_What you are asked to do_:
Find every line of the records that has "Rattan" and return it.

_Short descriptive text snippets_:
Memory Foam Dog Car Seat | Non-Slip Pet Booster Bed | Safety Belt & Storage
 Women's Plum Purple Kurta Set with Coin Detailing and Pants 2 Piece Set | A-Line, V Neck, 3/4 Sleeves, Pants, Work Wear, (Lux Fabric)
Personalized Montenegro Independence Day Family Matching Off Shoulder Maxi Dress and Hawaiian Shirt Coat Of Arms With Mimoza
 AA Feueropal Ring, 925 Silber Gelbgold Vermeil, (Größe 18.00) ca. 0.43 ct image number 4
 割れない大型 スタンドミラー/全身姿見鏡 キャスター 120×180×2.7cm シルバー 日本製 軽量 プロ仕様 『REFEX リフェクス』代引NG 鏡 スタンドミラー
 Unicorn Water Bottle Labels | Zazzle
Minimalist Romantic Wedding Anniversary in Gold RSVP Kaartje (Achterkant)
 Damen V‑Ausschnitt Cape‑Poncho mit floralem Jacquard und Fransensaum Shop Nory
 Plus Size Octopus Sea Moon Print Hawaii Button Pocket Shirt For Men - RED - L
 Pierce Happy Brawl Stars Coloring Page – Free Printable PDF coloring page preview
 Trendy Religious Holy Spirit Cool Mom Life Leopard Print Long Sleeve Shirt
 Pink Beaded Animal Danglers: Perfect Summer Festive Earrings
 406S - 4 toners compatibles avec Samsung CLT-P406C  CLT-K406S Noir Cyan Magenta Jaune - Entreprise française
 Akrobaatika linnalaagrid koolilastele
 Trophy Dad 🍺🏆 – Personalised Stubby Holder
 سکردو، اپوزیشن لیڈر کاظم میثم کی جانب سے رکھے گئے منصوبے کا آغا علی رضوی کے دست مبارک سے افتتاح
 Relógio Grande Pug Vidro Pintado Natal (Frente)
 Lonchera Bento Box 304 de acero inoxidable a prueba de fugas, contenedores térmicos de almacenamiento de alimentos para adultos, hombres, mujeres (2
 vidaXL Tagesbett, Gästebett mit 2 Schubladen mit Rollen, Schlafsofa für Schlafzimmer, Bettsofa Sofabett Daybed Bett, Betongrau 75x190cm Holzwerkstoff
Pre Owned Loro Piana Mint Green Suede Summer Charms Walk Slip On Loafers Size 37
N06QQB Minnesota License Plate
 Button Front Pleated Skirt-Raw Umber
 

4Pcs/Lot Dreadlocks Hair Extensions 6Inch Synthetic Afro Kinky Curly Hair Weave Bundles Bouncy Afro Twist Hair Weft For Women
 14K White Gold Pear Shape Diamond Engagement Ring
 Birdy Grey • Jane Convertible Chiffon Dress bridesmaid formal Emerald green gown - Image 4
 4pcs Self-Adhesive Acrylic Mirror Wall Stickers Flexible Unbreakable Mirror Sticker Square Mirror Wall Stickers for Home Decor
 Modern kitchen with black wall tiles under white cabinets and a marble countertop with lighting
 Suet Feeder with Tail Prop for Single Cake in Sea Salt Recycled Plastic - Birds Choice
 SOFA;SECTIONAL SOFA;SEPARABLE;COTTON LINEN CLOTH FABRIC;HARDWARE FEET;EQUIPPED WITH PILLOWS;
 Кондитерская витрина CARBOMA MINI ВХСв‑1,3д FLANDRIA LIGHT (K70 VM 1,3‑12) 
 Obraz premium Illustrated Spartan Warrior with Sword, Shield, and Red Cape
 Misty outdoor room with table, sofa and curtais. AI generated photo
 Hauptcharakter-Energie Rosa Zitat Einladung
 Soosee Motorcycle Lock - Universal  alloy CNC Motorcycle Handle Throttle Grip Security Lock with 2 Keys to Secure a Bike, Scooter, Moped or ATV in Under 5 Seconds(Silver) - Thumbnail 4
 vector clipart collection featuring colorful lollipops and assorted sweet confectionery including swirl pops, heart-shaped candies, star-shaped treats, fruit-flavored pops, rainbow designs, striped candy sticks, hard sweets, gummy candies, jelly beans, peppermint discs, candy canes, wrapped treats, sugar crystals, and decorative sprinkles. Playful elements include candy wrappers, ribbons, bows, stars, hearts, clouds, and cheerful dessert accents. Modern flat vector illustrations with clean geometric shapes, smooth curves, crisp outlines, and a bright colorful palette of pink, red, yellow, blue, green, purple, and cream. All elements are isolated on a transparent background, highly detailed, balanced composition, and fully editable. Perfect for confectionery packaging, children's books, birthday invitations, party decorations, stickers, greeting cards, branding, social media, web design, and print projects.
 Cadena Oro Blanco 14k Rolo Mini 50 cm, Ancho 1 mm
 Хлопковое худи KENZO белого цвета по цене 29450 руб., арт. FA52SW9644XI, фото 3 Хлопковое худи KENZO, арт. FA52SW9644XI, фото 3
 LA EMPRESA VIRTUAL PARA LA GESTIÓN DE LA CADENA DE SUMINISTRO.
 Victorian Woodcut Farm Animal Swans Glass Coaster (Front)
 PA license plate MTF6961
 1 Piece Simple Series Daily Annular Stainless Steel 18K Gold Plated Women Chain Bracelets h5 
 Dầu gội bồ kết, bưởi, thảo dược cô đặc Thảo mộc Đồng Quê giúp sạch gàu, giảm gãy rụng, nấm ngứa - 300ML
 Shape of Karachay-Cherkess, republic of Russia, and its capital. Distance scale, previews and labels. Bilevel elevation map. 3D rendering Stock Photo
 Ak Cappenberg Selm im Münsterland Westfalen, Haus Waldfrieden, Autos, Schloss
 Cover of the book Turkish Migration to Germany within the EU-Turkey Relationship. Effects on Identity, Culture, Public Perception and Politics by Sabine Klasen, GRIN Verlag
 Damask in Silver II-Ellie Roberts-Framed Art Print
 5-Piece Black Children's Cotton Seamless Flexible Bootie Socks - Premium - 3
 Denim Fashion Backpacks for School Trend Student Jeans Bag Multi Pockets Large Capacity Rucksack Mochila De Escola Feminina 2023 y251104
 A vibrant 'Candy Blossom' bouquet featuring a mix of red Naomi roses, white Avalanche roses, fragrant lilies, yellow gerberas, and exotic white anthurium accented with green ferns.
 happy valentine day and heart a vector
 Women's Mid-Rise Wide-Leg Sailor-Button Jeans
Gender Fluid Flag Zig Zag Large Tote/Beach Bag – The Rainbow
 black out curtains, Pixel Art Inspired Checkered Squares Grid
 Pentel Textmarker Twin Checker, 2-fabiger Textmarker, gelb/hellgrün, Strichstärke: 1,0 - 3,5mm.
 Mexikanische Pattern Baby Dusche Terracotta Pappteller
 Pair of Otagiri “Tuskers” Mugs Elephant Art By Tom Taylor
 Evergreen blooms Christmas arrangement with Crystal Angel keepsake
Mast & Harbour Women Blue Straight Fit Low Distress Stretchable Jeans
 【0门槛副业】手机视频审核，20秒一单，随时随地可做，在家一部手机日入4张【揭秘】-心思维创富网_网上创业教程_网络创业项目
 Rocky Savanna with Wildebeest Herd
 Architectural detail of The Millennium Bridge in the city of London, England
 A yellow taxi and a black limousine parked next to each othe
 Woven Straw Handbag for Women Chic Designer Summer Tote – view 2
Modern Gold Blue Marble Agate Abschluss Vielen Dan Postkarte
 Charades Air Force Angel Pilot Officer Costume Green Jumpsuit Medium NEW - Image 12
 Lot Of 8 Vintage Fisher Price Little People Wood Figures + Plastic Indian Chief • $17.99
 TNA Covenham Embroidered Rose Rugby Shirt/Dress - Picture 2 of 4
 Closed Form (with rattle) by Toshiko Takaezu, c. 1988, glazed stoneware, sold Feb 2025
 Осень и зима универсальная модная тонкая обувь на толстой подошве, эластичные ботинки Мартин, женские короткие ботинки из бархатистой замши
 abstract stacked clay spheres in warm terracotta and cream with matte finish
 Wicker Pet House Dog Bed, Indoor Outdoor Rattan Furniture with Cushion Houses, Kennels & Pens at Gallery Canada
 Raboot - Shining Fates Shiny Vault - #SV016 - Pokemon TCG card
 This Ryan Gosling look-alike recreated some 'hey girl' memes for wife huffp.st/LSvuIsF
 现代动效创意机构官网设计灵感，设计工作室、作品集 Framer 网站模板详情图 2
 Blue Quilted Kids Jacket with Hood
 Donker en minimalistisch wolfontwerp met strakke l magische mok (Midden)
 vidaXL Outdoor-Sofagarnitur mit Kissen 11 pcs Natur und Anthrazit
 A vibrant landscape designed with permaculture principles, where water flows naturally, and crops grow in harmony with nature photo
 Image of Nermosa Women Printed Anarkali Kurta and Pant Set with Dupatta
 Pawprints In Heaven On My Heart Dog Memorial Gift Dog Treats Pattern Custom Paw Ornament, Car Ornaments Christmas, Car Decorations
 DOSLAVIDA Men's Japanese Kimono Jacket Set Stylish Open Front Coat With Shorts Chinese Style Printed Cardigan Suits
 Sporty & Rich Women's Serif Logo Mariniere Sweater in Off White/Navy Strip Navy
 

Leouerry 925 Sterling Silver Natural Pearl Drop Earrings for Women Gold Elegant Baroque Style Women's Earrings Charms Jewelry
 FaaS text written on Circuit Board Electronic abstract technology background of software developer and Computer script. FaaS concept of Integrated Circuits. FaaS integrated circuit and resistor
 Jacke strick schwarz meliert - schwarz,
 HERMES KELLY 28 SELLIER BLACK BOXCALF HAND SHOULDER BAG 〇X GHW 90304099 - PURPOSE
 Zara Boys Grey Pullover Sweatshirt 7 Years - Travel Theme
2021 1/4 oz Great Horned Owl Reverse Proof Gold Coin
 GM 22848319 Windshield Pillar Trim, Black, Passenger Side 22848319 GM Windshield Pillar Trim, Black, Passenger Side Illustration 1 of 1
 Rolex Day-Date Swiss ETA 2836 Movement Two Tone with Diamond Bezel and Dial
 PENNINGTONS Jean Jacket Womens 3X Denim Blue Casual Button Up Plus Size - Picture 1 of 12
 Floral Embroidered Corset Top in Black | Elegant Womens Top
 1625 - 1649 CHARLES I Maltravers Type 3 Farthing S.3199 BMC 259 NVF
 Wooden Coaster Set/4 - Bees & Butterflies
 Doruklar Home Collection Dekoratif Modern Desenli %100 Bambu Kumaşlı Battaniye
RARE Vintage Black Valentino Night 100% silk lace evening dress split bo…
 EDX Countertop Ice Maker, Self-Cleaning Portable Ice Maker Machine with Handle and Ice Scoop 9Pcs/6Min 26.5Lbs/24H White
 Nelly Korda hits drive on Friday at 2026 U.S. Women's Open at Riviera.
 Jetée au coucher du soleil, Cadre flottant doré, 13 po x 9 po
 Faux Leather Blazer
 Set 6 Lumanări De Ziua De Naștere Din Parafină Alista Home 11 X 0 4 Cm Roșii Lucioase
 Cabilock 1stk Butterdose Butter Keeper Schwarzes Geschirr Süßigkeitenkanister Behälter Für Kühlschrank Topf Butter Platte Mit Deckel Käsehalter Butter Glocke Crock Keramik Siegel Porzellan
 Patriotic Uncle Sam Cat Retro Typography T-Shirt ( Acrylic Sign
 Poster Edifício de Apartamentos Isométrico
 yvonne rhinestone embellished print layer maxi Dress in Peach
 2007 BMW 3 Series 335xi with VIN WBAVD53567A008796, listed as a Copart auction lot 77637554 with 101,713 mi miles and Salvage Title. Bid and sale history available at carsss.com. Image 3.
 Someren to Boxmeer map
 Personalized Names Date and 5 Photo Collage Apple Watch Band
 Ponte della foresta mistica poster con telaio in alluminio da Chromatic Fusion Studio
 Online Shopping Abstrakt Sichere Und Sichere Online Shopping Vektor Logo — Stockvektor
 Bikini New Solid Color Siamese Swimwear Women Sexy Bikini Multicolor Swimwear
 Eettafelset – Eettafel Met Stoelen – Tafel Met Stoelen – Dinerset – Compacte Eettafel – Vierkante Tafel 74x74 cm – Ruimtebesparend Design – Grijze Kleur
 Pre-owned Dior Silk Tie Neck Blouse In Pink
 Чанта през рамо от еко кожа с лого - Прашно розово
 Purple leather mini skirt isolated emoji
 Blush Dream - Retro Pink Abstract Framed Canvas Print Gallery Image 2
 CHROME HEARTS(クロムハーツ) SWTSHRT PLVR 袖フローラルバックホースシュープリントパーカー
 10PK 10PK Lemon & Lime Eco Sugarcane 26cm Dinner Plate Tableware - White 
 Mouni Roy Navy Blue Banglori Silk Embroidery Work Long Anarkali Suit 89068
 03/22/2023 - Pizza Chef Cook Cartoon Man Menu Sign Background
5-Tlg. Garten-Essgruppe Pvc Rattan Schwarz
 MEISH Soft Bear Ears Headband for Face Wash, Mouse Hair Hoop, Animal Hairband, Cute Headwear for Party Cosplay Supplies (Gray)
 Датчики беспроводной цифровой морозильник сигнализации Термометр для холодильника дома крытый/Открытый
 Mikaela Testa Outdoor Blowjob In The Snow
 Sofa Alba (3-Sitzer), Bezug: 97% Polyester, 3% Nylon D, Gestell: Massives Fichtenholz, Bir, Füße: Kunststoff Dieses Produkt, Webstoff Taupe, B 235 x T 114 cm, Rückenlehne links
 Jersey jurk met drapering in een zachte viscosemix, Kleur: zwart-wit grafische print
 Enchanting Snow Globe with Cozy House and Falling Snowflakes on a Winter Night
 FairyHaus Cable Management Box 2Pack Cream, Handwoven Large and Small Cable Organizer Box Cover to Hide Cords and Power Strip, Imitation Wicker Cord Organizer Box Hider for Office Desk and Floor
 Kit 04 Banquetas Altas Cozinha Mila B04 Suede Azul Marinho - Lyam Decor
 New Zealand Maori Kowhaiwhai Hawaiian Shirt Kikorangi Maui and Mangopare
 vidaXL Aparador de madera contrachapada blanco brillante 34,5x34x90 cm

_Response area_:
 Wicker Pet House Dog Bed, Indoor Outdoor Rattan Furniture with Cushion Houses, Kennels & Pens at Gallery Canada
5-Tlg. Garten-Essgruppe Pvc Rattan Schwarz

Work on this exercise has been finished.